Bundesarbeitsgericht zu Gebot fairen Verhandelns

Aufhebungsvertrag ohne Bedenkzeit und Rechtsrat wirksam?

Veröffentlicht: 04.03.2022 | Geschrieben von: Melvin Louis Dreyer | Letzte Aktualisierung: 16.03.2022
Person mit Kugelschreiber über Vertrag

Oft werden Arbeitsverhältnisse nicht durch eine Kündigung, sondern durch einen Aufhebungsvertrag beendet. Hierbei besteht das Gebot des fairen Verhandelns. In einem aktuellen Fall hatte sich das Bundesarbeitsgericht (BAG) mit der Situation zu beschäftigen, dass eine Arbeitnehmerin den Fortbestand ihres Arbeitsverhältnisses geltend machte. Zuvor hatte sie einen solchen Aufhebungsvertrag unterzeichnet. Ihre Behauptung: Für den Fall, dass sie den Vertrag nicht unterzeichne, sei ihr mit der Erklärung einer außerordentlichen Kündigung und der Erstattung einer Strafanzeige gedroht worden. 

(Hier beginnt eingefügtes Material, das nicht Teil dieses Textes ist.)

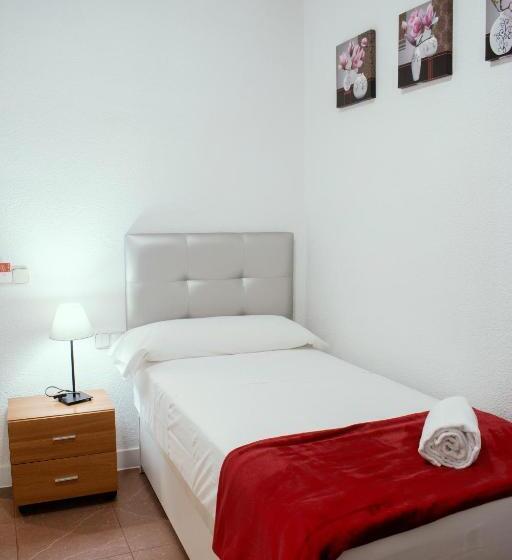 اتاق استاندارد یک نفره, Hostal ártico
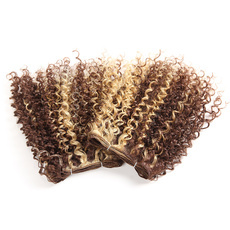  2pcs Synthetic Hair Nature Dudu Natire Afro Hair Weave Extension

Ihre Revision zum BAG (Urteil v. 24.02.2022, Az. 6 AZR 333/21) hatte aber keinen Erfolg, so das Gericht in seiner Pressemitteilung. 

Arbeitnehmerin habe versucht, höheren Verkaufsgewinn vorzuspiegeln

Ende 2019 kam es zum Gespräch zwischen der Arbeitnehmerin, dem Geschäftsführer des Unternehmens und dessen Rechtsanwalt. Der Klägerin gegenüber, die als Teamkoordinatorin Verkauf im Bereich Haustechnik beschäftigt war, wurde der Vorwurf erhoben, sie habe unberechtigt Einkaufspreise in der EDV des Unternehmens abgeändert, bzw. reduziert, um einen höheren Verkaufsgewinn vorzuspiegeln.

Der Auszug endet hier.